I'll attach the dmesg log Simon provided.  From them, it looks like the
HPET appears as a PCI device, in addition to being described in the HPET
table (and possibly in the ACPI namespace):

[    0.000000] ACPI: HPET id: 0x10b9a201 base: 0xfed00000
[    0.454232] ACPI: PCI Root Bridge [PCI0] (domain 0000 [bus 00-ff])
[    0.461348] pci_root PNP0A03:00: host bridge window [io  0x0000-0x0cf7]
[    0.468004] pci_root PNP0A03:00: host bridge window [io  0x0d00-0xffff]
[    0.474004] pci_root PNP0A03:00: host bridge window [mem 0x000a0000-0x000bffff]

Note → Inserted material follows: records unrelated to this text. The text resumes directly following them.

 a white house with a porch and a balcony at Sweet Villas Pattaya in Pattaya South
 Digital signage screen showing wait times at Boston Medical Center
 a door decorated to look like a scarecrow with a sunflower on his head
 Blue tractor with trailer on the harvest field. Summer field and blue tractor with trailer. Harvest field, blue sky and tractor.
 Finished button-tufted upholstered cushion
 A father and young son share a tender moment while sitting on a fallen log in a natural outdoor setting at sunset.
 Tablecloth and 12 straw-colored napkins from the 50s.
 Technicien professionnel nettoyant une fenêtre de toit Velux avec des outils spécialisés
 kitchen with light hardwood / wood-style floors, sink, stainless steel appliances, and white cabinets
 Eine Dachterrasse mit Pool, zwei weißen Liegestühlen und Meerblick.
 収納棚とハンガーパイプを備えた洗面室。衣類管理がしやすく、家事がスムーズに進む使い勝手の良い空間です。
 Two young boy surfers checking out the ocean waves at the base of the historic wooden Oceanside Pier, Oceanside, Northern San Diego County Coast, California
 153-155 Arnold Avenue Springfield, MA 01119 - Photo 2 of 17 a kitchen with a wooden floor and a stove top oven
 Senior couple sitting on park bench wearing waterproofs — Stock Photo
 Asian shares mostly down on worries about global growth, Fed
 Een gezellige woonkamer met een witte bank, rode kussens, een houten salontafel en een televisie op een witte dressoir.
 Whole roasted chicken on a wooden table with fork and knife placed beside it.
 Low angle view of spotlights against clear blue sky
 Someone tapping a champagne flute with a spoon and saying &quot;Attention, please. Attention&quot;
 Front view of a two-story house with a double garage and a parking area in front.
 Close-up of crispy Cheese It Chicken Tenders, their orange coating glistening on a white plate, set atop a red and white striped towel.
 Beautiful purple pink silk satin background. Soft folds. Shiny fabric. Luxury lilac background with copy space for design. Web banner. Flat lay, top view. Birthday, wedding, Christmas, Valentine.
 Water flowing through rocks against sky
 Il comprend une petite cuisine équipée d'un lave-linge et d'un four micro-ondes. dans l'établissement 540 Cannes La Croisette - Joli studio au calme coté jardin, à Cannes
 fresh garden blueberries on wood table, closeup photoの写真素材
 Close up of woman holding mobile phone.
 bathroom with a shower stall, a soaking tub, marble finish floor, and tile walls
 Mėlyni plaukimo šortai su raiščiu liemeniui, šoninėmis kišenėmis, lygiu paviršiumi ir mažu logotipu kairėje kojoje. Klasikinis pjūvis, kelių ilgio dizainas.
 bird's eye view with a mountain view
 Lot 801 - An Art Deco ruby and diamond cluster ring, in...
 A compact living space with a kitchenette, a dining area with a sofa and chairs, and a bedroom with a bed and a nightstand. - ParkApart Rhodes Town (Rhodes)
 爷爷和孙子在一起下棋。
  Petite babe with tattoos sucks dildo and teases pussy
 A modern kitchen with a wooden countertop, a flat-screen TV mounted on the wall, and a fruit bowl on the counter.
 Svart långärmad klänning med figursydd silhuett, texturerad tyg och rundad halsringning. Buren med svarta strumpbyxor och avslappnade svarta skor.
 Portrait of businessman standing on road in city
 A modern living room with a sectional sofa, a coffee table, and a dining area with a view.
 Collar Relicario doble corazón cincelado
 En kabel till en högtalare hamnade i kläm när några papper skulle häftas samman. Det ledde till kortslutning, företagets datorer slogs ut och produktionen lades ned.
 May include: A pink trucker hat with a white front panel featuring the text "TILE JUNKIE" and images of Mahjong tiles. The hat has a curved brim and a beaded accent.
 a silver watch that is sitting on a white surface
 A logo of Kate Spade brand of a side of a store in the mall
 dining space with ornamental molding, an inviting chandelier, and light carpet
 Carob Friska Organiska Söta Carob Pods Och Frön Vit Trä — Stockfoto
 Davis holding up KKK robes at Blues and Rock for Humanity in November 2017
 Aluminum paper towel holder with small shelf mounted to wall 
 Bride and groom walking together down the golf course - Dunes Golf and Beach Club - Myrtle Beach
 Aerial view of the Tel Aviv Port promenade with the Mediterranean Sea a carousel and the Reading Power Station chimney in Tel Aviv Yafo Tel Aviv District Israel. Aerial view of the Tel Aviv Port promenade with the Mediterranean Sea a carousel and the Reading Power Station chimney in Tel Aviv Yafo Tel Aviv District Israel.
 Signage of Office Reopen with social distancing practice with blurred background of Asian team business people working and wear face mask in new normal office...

[    0.481004] pci_root PNP0A03:00: host bridge window [mem 0x000c0000-0x000dffff]
[    0.489004] pci_root PNP0A03:00: host bridge window [mem 0x80000000-0xfebfffff]
[    1.034049] pci 0000:00:14.0: no compatible bridge window for [mem 0xfed00000-0xfed003ff]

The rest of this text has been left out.